“Marriage is like an amplifier…” from “Blessed, Beautiful, and Bodacious” (The Love Project, Day 16)

gohnToday I was reading Blessed, Beautiful and Bodacious by Pat Gohn (Ave Maria Press), and was struck by the following passage about marriage. Can you relate?

Everything I liked or disliked about my man before I married increased in volume after marriage. I ran headlong into a wall of my selfishness and struggles for power, not to mention my own anger issues that erupted from my quick temper…. Putting others’ needs ahead of my own was harder than I had thought. I bristled when I could not control things.

Motherhood intensified my struggles, often reducing me to tears. I was profoundly disappointed with the shortcomings of my loe — my lack of achievement! I was trying to achieve in my marriage and achieve in my mothering the way I succeeded at school and at work, as if there were a performance scorecard attached to my efforts. “No greater love” required something more than the tyranny of perfectionism; it needed my attentiveness, my surrender, my sacrifice.

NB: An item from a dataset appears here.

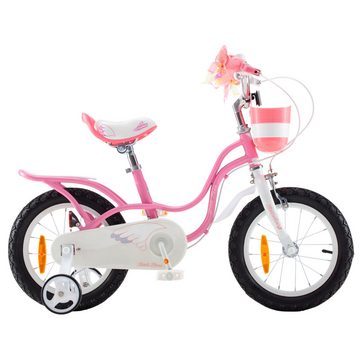 RoyalBaby Kinderfahrrad Rosa Little Swan Kinder Fahrrad für Mädchen, 1 Gang, mit Stützräder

I don’t know if this is an experience common to all (or even most) women … but I could relate. The greatest challenges, I felt, was not in accepting the weaknesses and flaws of my family, but coming face to face — each and every day — with my own foibles and shortcomings.

I finally turned a corner when I came across this quote by St. Francis de Sales:

Have patience with all things, but chiefly have patience with yourself. Do not lose courage in considering your own imperfections but instantly set about remedying them – every day begin the task anew.

Today’s Love in Action: What’s the one bad habit or character flaw you hate most about yourself? Got it? Good … now, what virtue do you need to put into practice that serves as the “antidote” to that particular bad habit? How will you start . . . today?